MIDDLEBURY, Vt. – Bill McKibben, the Schumann distinguished scholar and noted environmentalist, connected the Tower of Babel with issues of climate change, bioethics, and multiculturalism in a public lecture on November 17 on the Middlebury campus.

Invited to speak by the Scott Center for Spiritual and Religious Life, McKibben opened by reading Genesis 11:1-9, that passage of the Old Testament in which “the whole earth had one language” and the people attempted to build “a tower with its top in the heavens.” The Lord reasoned that “nothing that they propose to do will now be impossible for them,” so the Lord “confused their language” and “scattered them all across the face of the earth.”

The Tower of Babel illustrates the power of the fable, McKibben said. “It’s not just a great story. It’s about the search for knowledge and the meaning of diversity… It’s a story that’s fired the imaginations of writers from Dante to Dostoyevsky, and great painters and musicians,” he said while projecting an image of Bruegel’s famous oil painting on the screen in Dana Auditorium.

“One reason the story has been powerful for so long is because it’s short, it’s pregnant with gaps and omissions, which means that generations of thinkers have had great fun and no choice but to supply meaning attached, which as we shall see continues to the present,” the speaker said.

bruegel
Pieter Bruegel’s 16th-century masterpiece

The meaning McKibben would attach to the story was foreshadowed in the title of his talk, “The Tower of Babel and The Ivory Tower: Reflections on Reaching for the Heavens.”

God symbolizes “restraint with a capital R,” McKibben said, “and even if we are religious we don’t take very seriously the idea that we should restrain our curiosity. At a college like [Middlebury] we view with sympathy, amusement, or outrage those who blind their eyes to the fossil records that prove evolution.”

Since the time of Descartes, humanity has lived in an era of constant advance, McKibben argued. “From the vantage point of the 21st century maybe we can begin to make the case for reining in human ambition. We’ve become a very large, towering species. The iconic moment of the last century might have been the walk on the Moon, but I fear more likely it was the explosion of the atom bomb.”
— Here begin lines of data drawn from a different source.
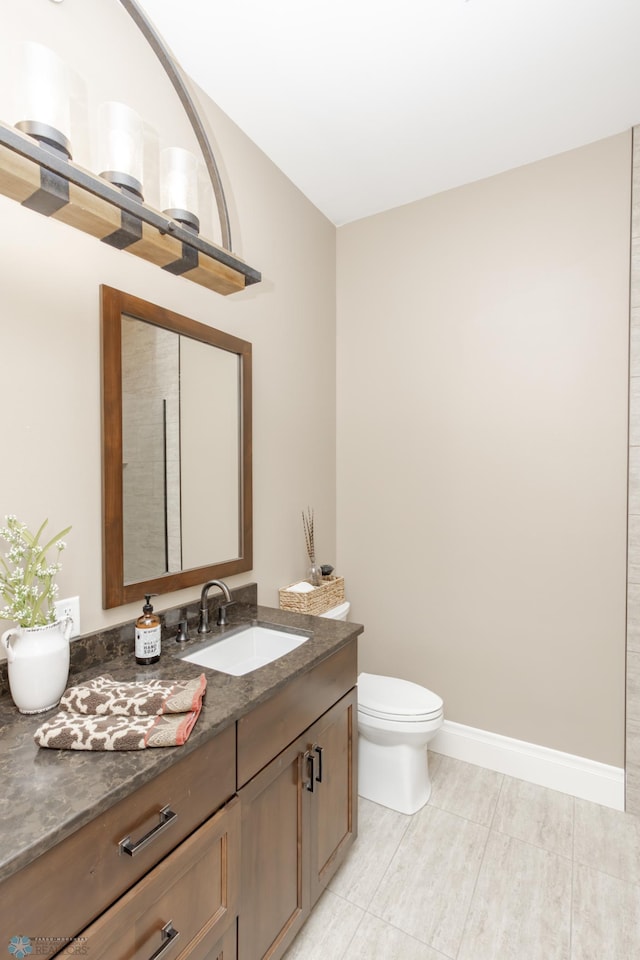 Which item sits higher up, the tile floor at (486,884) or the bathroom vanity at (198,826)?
the bathroom vanity at (198,826)

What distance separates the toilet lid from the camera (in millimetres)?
1930

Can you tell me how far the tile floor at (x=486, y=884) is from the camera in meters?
1.43

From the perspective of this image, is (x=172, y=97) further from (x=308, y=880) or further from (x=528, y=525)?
(x=308, y=880)

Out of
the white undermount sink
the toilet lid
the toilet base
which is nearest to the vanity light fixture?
the white undermount sink

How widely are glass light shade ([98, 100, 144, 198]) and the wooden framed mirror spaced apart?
0.38 m

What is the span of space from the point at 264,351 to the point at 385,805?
6.65 feet

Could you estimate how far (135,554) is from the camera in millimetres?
1491

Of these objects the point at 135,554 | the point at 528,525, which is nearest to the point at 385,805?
the point at 528,525

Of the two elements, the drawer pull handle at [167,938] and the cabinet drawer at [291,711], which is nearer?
the drawer pull handle at [167,938]

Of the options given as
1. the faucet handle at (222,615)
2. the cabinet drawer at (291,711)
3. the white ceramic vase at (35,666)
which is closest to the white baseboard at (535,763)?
the cabinet drawer at (291,711)

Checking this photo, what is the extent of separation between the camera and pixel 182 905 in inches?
37.9

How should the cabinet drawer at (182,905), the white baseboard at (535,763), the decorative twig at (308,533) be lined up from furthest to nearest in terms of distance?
the decorative twig at (308,533)
the white baseboard at (535,763)
the cabinet drawer at (182,905)

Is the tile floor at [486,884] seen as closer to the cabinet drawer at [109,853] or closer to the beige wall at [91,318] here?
the cabinet drawer at [109,853]

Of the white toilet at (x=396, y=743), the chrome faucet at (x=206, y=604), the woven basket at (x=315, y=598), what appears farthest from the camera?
the woven basket at (x=315, y=598) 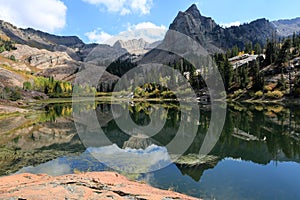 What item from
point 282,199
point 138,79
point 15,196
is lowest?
point 282,199

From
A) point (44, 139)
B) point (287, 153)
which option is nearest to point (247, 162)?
point (287, 153)

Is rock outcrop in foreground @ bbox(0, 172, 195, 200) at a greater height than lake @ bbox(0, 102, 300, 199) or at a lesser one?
greater

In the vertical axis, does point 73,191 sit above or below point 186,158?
above

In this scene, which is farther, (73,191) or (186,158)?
(186,158)

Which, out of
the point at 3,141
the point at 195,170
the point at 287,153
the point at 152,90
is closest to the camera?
the point at 195,170

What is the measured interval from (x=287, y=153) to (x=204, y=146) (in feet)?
26.6

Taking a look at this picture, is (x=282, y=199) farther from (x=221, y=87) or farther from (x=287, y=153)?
(x=221, y=87)

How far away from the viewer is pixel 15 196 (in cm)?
848

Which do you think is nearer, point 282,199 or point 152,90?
point 282,199

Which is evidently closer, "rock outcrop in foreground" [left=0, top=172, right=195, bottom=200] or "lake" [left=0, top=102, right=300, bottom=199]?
"rock outcrop in foreground" [left=0, top=172, right=195, bottom=200]

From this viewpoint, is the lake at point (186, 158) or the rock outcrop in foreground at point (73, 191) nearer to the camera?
the rock outcrop in foreground at point (73, 191)

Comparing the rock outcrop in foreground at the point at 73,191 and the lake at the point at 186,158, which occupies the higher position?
the rock outcrop in foreground at the point at 73,191

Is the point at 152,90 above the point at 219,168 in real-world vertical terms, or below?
above

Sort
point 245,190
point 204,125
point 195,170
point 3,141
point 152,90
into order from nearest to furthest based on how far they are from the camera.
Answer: point 245,190, point 195,170, point 3,141, point 204,125, point 152,90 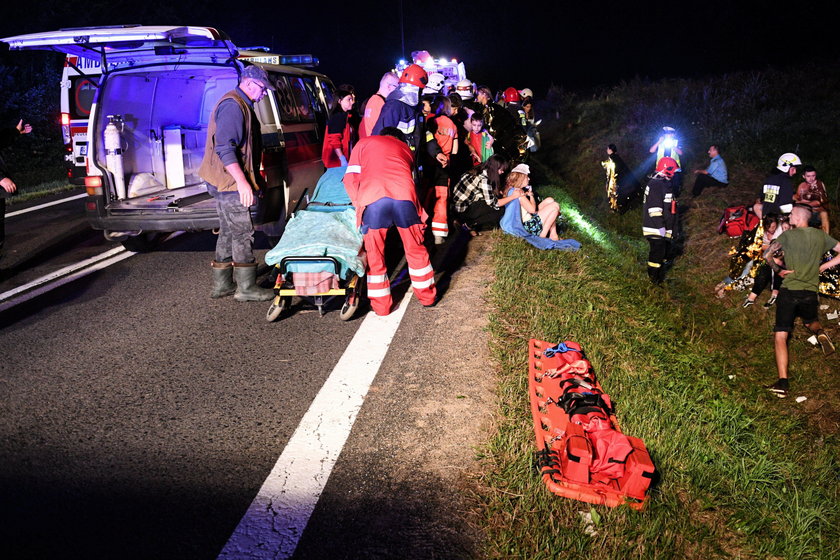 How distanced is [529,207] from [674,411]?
452 cm

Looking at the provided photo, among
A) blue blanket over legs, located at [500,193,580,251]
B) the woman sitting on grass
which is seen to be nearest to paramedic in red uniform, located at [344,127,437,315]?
blue blanket over legs, located at [500,193,580,251]

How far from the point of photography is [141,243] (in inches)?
324

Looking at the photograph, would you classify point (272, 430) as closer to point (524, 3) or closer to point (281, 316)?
point (281, 316)

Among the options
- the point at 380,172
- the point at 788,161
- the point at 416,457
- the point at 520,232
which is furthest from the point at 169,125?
the point at 788,161

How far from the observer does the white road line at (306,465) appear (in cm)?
289

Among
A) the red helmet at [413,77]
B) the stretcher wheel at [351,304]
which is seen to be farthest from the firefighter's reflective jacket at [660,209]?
the stretcher wheel at [351,304]

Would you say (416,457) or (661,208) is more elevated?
(661,208)

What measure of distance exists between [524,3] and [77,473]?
82103 mm

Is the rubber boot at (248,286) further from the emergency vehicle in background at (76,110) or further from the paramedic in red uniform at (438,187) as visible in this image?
the emergency vehicle in background at (76,110)

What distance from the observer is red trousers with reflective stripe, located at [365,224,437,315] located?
18.7ft

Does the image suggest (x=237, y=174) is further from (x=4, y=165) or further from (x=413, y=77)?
(x=4, y=165)

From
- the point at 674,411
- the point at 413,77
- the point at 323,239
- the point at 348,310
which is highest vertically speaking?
the point at 413,77

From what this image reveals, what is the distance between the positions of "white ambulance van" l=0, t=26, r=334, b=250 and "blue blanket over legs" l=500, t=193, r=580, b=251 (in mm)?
2825

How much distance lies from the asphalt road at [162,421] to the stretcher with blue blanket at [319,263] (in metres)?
0.22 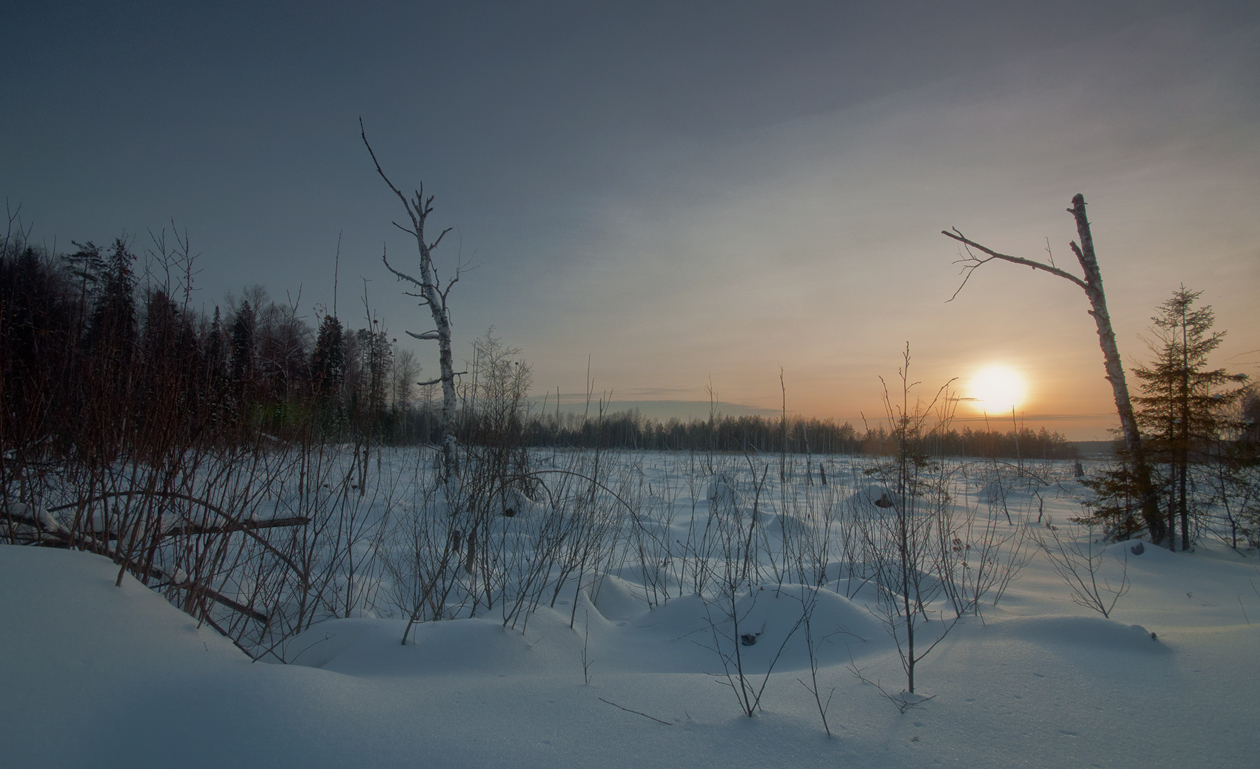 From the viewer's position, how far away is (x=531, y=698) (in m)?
2.31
McKibben segued into how humans have inadvertently changed the temperature of the Earth, and how shortsighted some researchers are to think that adding sulfur to the atmosphere could reverse or forestall the greenhouse-gas effect. “Nothing would make the oil companies happier than a geo-engineering solution to climate change that would let them continue selling fossil fuel as usual.”

The speaker said the best example of “this kind of human overreach” is the “increasing and enticing ability to tinker with the genetic code to improve crops and improve human beings.” McKibben envisioned a scenario in which prospective parents could choose their children’s “traits and temperament” through a process of advanced human engineering. The problem is: “We have no way of knowing whether it should be done,” and that’s where the Tower of Babel story, with its dim view of mankind’s reaching for the stars, re-enters the picture for McKibben.

Realizing that the human species needed to speak different languages may have been part of God’s “divine plan that the world be filled with diverse peoples and cultures,” which, McKibben added, puts the story in a far more positive light. “Diversity is a great joy and a great achievement, and we should be very wary of any solutions that tend to homogenize the world in which we live.”

The Tower of Babel “is the last story in the Bible aimed at absolutely all of us,” McKibben said, since the next chapters of Genesis focus more narrowly on Abraham and the Canaanites. That’s why the famed author of “The End of Nature” believes “it might make sense, even in this secular age and place, to pay attention to some of the old stories” in the Bible.